Внезапно чувство тревоги охватило девочку, и она обернулась. Прямо напротив неё из-за ствола старого дерева показалась половина человеческого лица. Сначала Гисла увидела большое ухо с отвисшей мочкой, торчащее из-под жёстких, грубо обрезанных волос. Волосы были рыжие и курчавились на голове, брови, в ноздре, в ухе и от самой скулы спадали вниз скрученной прядью. Блестели большой крючковатый нос и маслянистый выпуклый глаз под высоким покатым лбом. Осмысленный умный взгляд зажёгся весёлым огнём, и острый зрачок задрожал. Мясистый, мокрый рот приоткрылся, обнажая торчащие вперёд зубы, и расплылся в жуткой улыбке. Большая жёсткая ладонь закрыла Гисле всё лицо, и она сразу начала задыхаться. Где-то заходились от лая собаки, и ревели хриплые голоса, когда девочка начала проваливаться в темноту.
***
Боль нестерпима, но старый Гахам обтирает рану отваром из трав и снова повторяет, что скоро придёт облегчение. Надо терпеть! Да, ветер переменился, и собаки почуяли их слишком рано. Когда Маах крикнул, и они бросились полукругом на стоянку пришельцев с Севера - он сразу увидел их белокурых женщин и уже не мог думать ни о чём другом. Проклятье! Теперь даже если кость срастется, и он не умрёт в мучениях, то уже никогда не сможет бегать. Лучшее оружие его отца заберёт себе Шуах - у брата ноги целы! Лучшие куски добычи и лучшие женщины достанутся другим! И Дина достанется Тахашу! Мерзавец заплатит выкуп и получит третью жену, а над ним будет смеяться вся Невозделанная долина, ведь у него всего одна жена. Проклятье, он сойдёт с ума! Лучше бы его убили там, за Буйной рекой! Если бы брат не вернулся за ним, то Елдаг и Нахор бросили бы его! А Ишбак так ещё и порадовался бы! Эти тащили свою добычу, а ведь перед делом все товарищи поклялись на крови не бросать друг друга в беде! И Маах всё видел и ничего не сделал! Наверняка видел! Пусть в следующий раз смерть найдёт их всех! Уже приходит облегчение, Гахам не обманул...

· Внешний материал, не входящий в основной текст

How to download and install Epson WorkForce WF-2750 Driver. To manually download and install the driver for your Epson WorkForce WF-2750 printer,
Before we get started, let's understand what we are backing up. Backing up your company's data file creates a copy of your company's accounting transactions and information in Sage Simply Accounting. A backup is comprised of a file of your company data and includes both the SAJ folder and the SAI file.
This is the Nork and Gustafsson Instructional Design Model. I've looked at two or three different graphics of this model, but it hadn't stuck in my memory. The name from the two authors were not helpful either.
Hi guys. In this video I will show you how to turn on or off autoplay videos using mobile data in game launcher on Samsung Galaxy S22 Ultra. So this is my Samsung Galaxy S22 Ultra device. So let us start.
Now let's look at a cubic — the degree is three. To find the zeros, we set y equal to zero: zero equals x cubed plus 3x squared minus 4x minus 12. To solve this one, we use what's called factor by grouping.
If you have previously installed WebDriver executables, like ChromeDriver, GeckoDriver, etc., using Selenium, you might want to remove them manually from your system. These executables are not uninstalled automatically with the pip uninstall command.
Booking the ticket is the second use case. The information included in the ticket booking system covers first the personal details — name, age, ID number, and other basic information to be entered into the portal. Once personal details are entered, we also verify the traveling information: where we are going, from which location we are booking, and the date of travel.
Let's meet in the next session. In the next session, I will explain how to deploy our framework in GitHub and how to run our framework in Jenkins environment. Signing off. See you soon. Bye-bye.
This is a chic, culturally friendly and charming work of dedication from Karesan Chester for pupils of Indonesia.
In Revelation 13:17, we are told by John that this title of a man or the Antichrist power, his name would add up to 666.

Гисла очнулась от удара о землю. Со всех сторон вокруг неё раздавался шум, перед глазами плыл туман, болела голова, а во рту всё пересохло. Девочка постепенно пришла в себя, ощутила, что связана, и попыталась сесть. Рядом с ней кто-то бросил на землю спутанную ремнями Ильву. Гисла подняла глаза. Тяжело дыша после долгого бега, перед ней стоял коренастый мужчина в кожаной накидке, с полуобнажённым торсом, покрытым старыми рубцами. Его шея была перевязана окровавленным лоскутом, в руке человек держал топор кроманьонца. Чёрные блестящие волосы были скручены сзади головы в пучок и утыканы перьями, а лицо заросло густой курчавой бородой. Его черты были схожи с грубыми чертами питекантропов, но лоб был шире и выше, хоть и такой же покатый. Неандерталец что-то гортанно сказал, погрозил девочке кулаком, сплюнул и быстро ушёл.

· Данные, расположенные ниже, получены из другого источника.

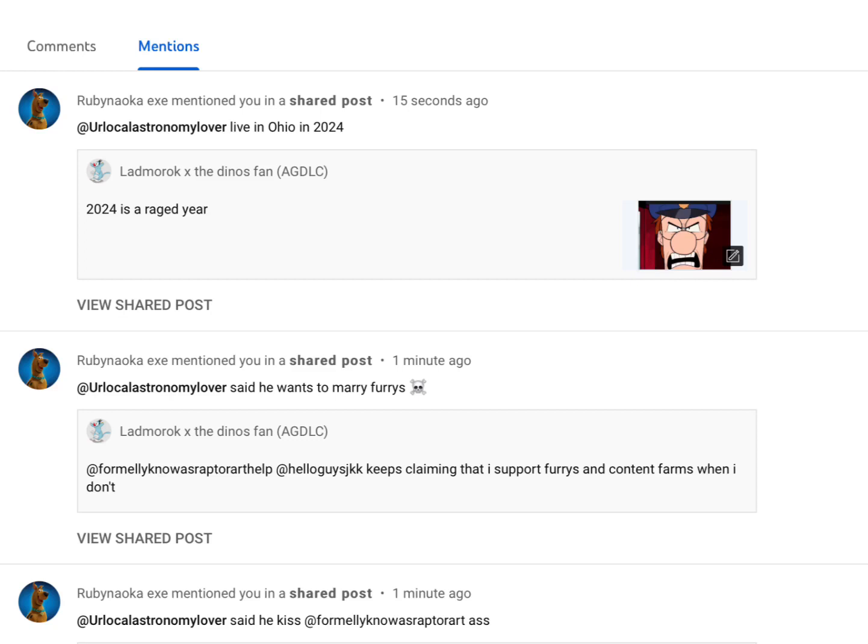And stop lying, you liar. Stop lying on me. Or your account will get terminated if you make misinformation about me. Guys,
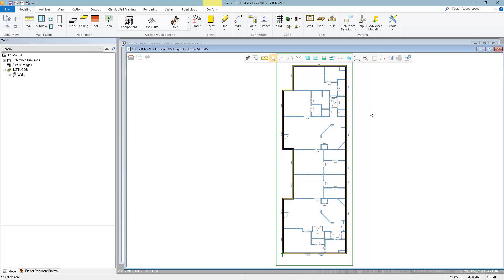The new Smart Model feature in VertexBD 2023 gives us a powerful new way to manage door and window openings, especially in larger projects where you have schedules of hundreds of different window types and different framing requirements for each type.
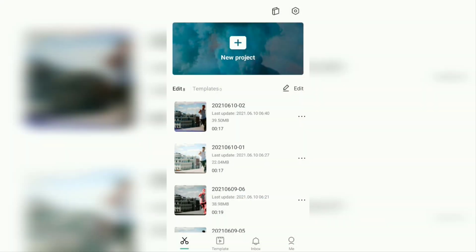Hi everyone, welcome back to the Make It Simple YouTube channel. In this video I want to show you a tutorial on how to edit 3D photos on Android using the CapCut application, like the trend on the TikTok platform.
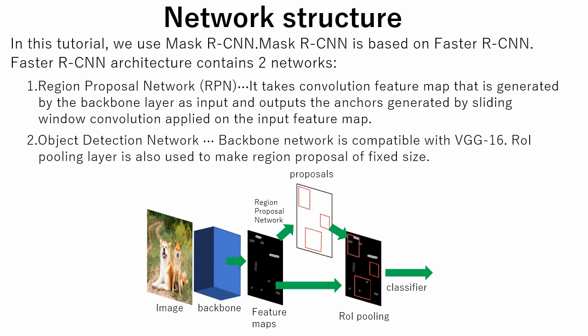In object detection network, backbone network is compatible with VGG16. ROI pooling layer is also used to make region proposal a fixed size.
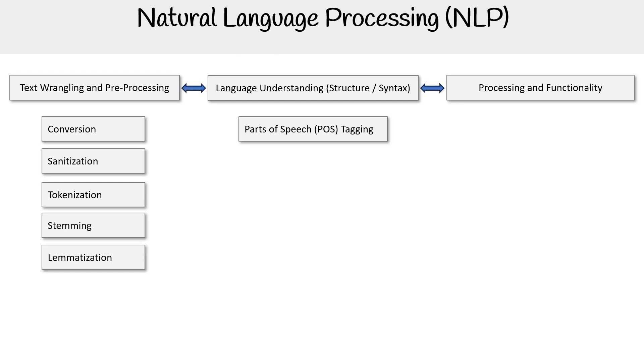We have language understanding. These are processes to make sense of the text. Part of speech tagging: is this an adjective, is this a noun? Chunking: how can we break up the text and then work with those chunks later on so that it still makes sense?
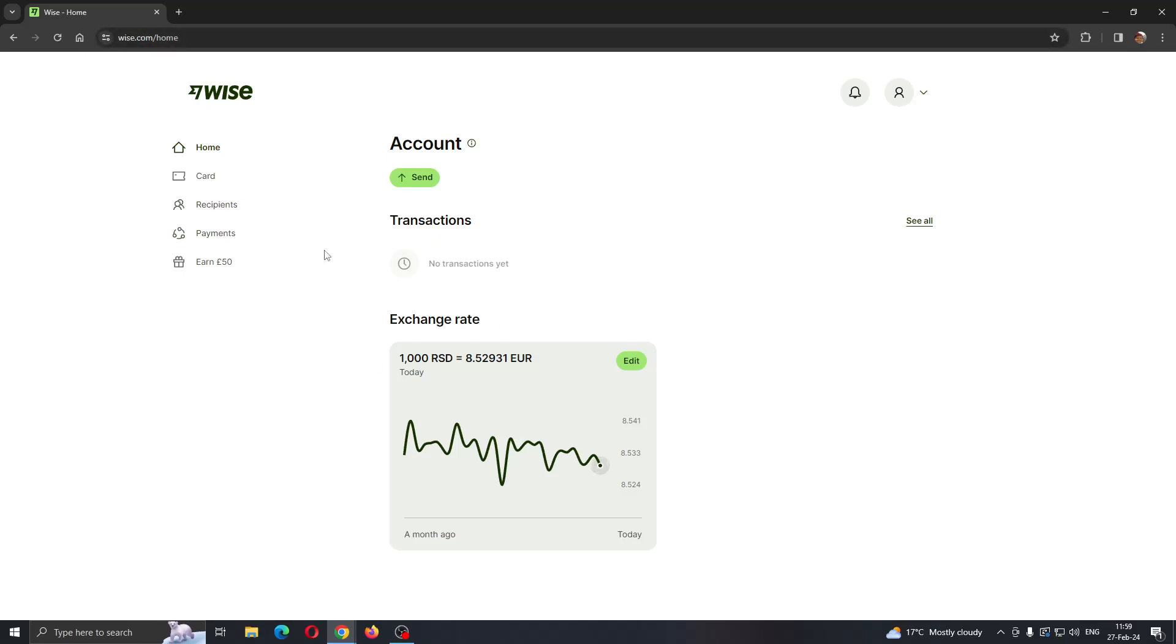After opening up the website, you'll be prompted to log into an account, so go ahead and log into the account from which you want to send the funds to your personal account. After logging in, you'll be greeted by this main page that's going to look like this.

Рядом с Гислой лежали связанные Хильда и Бьярга. Остальных пленных она разглядеть не могла, но слышала знакомые женские голоса.
Со слезами Гисла узнала, как бесчинствовали враги в лагере кроманьонцев и как отступили, унося с собой пленных. Бьярга рассказала, как пронзили копьями Глоди дочь Хольмы и Ормара сына Бродира. Хильда рассказала, как разбили палицей голову Альрику сыну Агги. Скир сын Вальда, Имар сын Гаута, Яльдис сын Ньяля, Трюгг и многие другие - тихо звали пленницы по именам своих павших защитников.
Неожиданно раздался пронзительный хриплый крик, переходящий в визг, и тут же в него влились другие причитания. Множество молодых и старых полуголых и неопрятных женщин с перекошенными лицами набросились на кроманьонок и стали бить их палками, камнями и кулаками. Бьярга кашляла кровью, Гисле казалось, что всё это кошмарный сон, но кто-то начал рвать ей волосы, и девочка пронзительно закричала, а потом получила удар в плечо, от которого у неё сразу онемела рука. Тут раздались новые, ещё более грубые и злые крики, и мучительницы бросились в стороны, топча пленниц. Мужчины били древками тяжёлых копий по головам женщин, потерявших своих мужей в налёте, и отгоняли вдов от добычи, доставшейся с таким трудом.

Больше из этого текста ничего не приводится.